**What you should do**
Transcribe every entry word for word, leaving out all images.
Exercise inputs Block Start
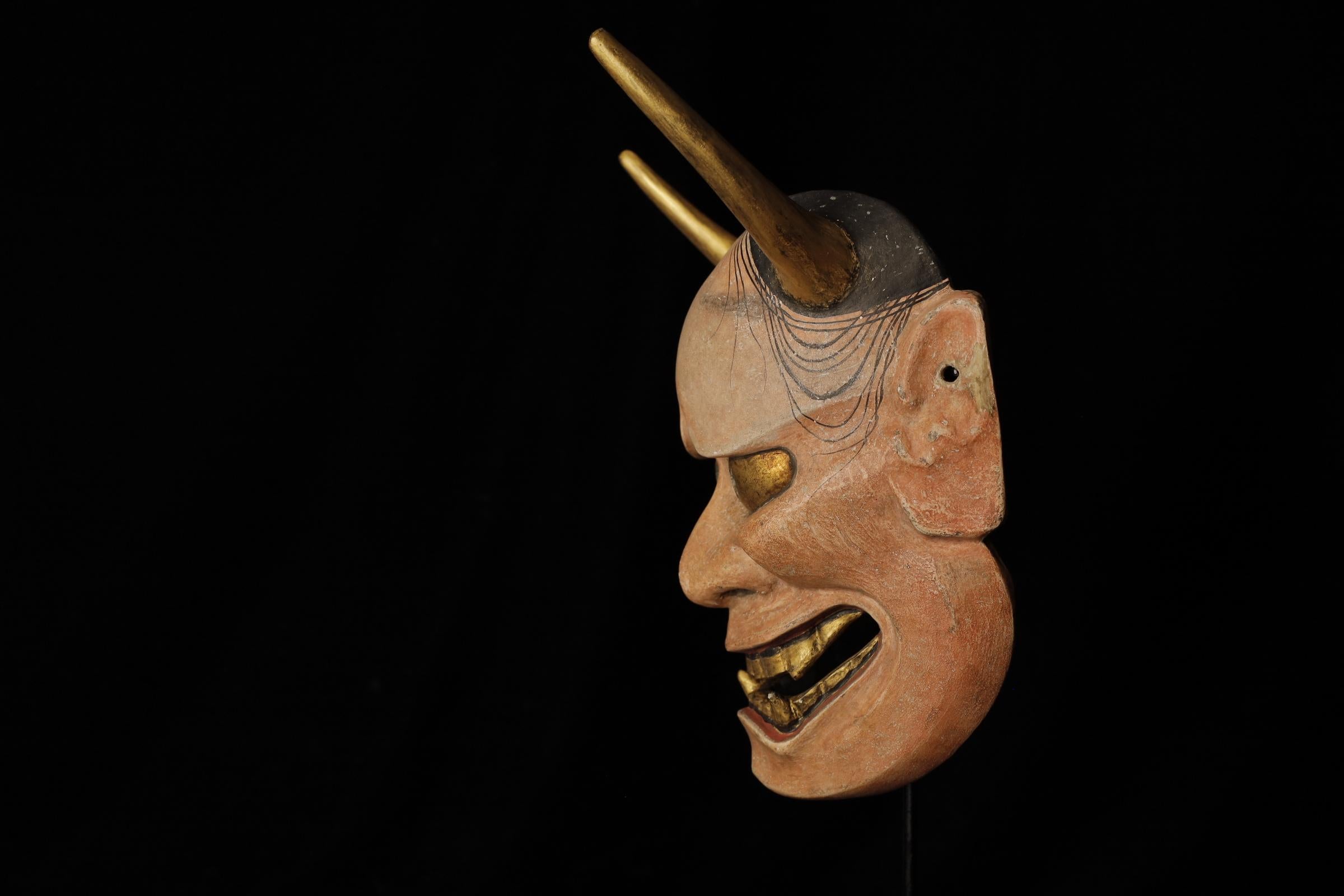 Maschera Noh giapponese Hannya (般若). Attribuito a Takada Fuki (高田 冨季, 1935-2008) in vendita 1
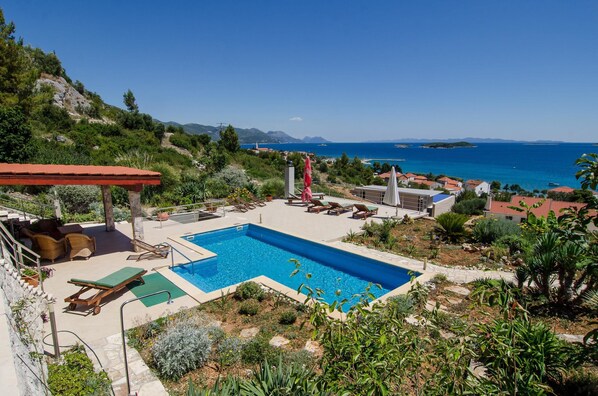 Pool - Apartment Violic Villa Karmen (Orebic)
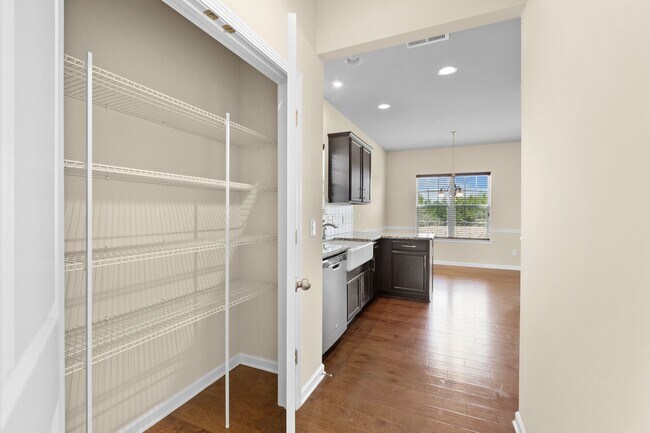 Building Photo - Beautiful 3-Bedroom Home with Fireplace an...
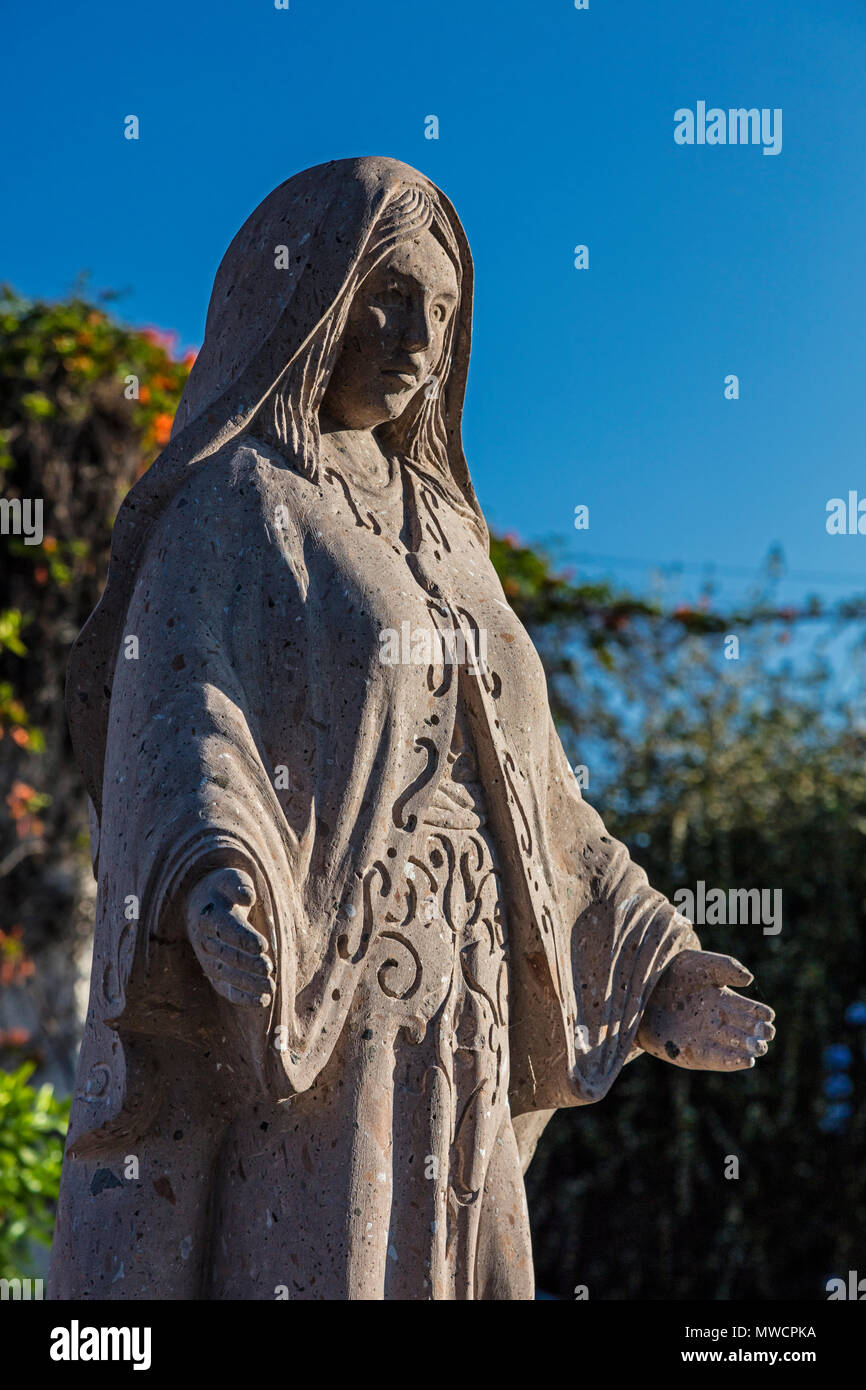 Una scultura in pietra della Vergine Maria Grazia i motivi dell' HOTEL POSADA DE LA ALDEA - San Miguel De Allende, Messico Foto Stock
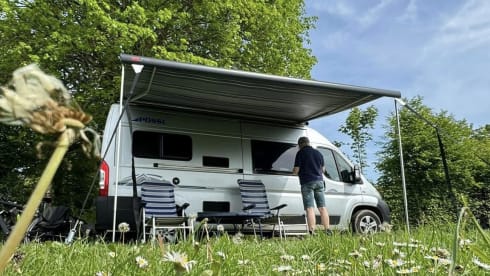 Isriya Camper verhuur door Takky – 2p Pössl bus from 2008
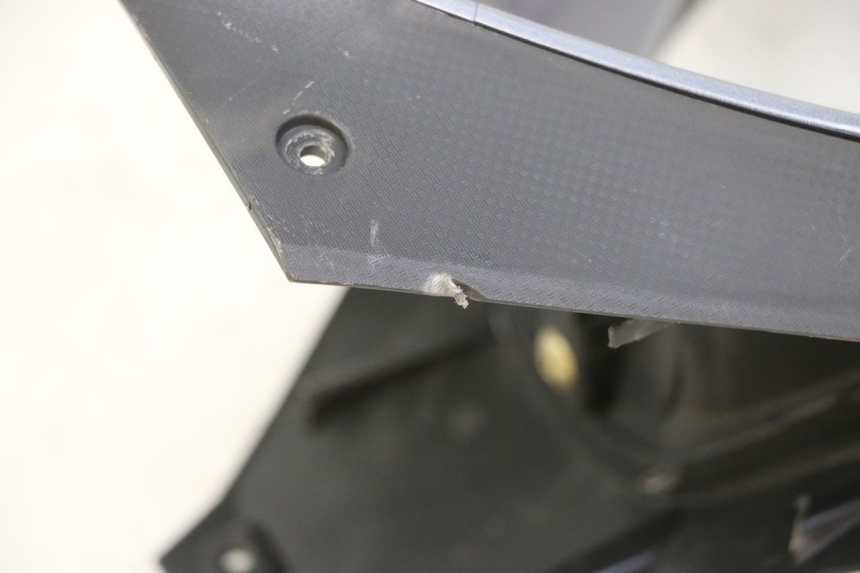 photo de OSŁONA KIEROWNICY PRZEDNIA SYM JOYMAX 125 (2010 - 2017) - Oznaczenia i referencje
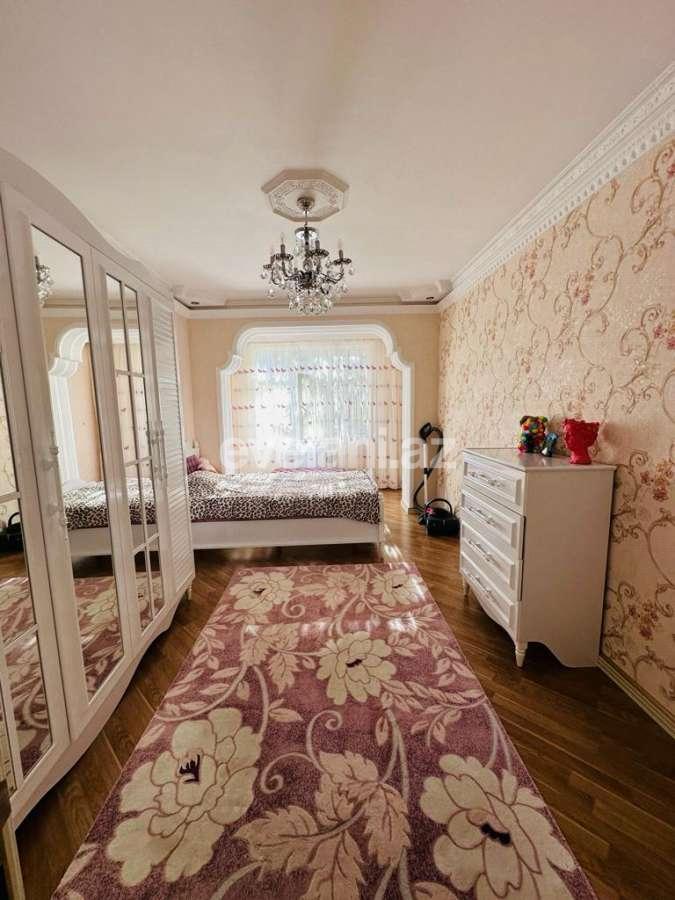 Satılır, köhnə tikili, 4 otaqlı, 110 m², Bakı, Xətai r, Həzi Aslanov m.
Exercise inputs Block End
**Reply to the exercise**
 Maschera Noh giapponese Hannya (般若). Attribuito a Takada Fuki (高田 冨季, 1935-2008) in vendita 1
 Pool - Apartment Violic Villa Karmen (Orebic)
 Building Photo - Beautiful 3-Bedroom Home with Fireplace an...
 Una scultura in pietra della Vergine Maria Grazia i motivi dell' HOTEL POSADA DE LA ALDEA - San Miguel De Allende, Messico Foto Stock
 Isriya Camper verhuur door Takky – 2p Pössl bus from 2008
 photo de OSŁONA KIEROWNICY PRZEDNIA SYM JOYMAX 125 (2010 - 2017) - Oznaczenia i referencje
 Satılır, köhnə tikili, 4 otaqlı, 110 m², Bakı, Xətai r, Həzi Aslanov m.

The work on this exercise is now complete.